Она снимала с одной из манекенных голов, расставленных по студии, чеховское пенсне, внимательно приглядывалась к мазкам, потом к личности самого ваятеля с седеющими усами.
– Доиграетесь, Певзнер, ох, доиграетесь, Соломонович!
И впрямь доигрался. Крошечная выставка в Доме культуры Пролетарского района, на которую он прорвался с полудюжиной полотен, вдруг привлекла всеобщее внимание. Народ съезжался смотреть на странные цветы, вызывающие какую-то непонятную, хотя почему-то как бы знакомую, будто из прежней жизни, жажду. Приезжали даже ленинградцы специально на выставку в ДК Пролетарского района столицы. На ступенях обменивались мнениями, мелькали нехорошие слова: импрессионизм, постимпрессионизм и даже символизм. В конце концов «Московская правда» разразилась статьей «Сомнительная оранжерея», в которой, среди прочего, говорилось, что «Певзнер (употребление неблагозвучной фамилии в печати даже без инициалов считалось вполне зловещим признаком) пытается создать внешне невинный, как бы старомодный, безобидный эстетизм, который на деле подрывает основные принципы социалистического реализма. Оранжерея этого художника нехорошо пахнет...»
– Почти твоими словами, дорогая! – хохотал Сандро. С бокалом красного «Мукузани» он отмечал свой успех.

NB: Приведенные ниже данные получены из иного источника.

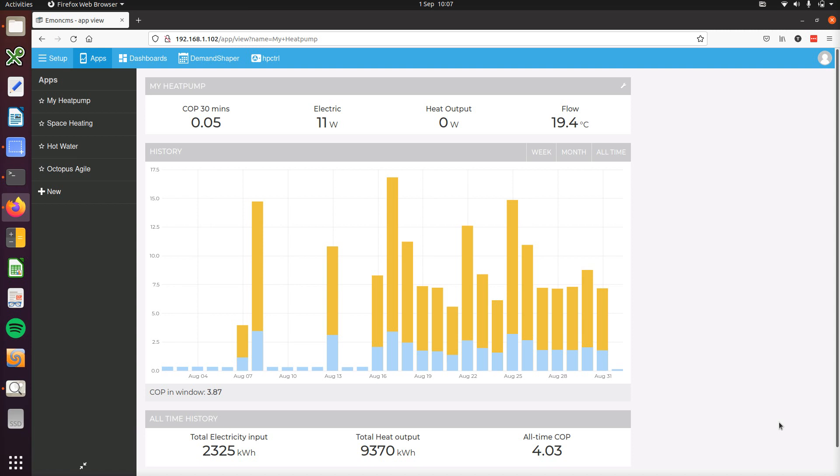Hello! So in this video I'm going to give a quick overview of the EmonCMS heat pump dashboard. I've got this dashboard here showing my own home system.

Вызвать шум в столице бесконфликтного искусства, написать взрывоопасные цветы!
– А что же ты думал, Певзнер Соломонович, нас плохо учат в Союзе писателей? Каждый из нас в любую минуту готов дать отпор зарвавшимся декадентам по призыву... ммм... ну, в общем, по призыву... ммм... в общем и целом, по зову сердца!
Этот юмор висельников напоминал Нине тридцатые годы на Большом Гнездниковском. Все эти объявления на кухне: «Если за тобой придут раньше, не забудь проверить газ и выключить электричество», все то ерничество, что помогало им с Савкой не свихнуться. Тогда, впрочем, было некоторое парадоксальное преимущество: метла мела без разбора, что-то вроде стихийного бедствия. Теперь же партийный критик через газету «Московская правда» обращается к органам с верноподданническим сигналом, призывает любимые органы обратить внимание на «внешне невинного» художника. А мы все шутим. Не слишком ли затянулась наша ирония? Не пора ли ей пройти вместе с молодостью? Однако без нее-то уж совсем конец, мрак и маразм.
Ну что ж, будем жить и шутить, авось кривая вывезет, как тогда вдруг вывезла, несмотря на довольно широко известное троцкистское прошлое. Больше ничего не остается – жить и писать свои цветы.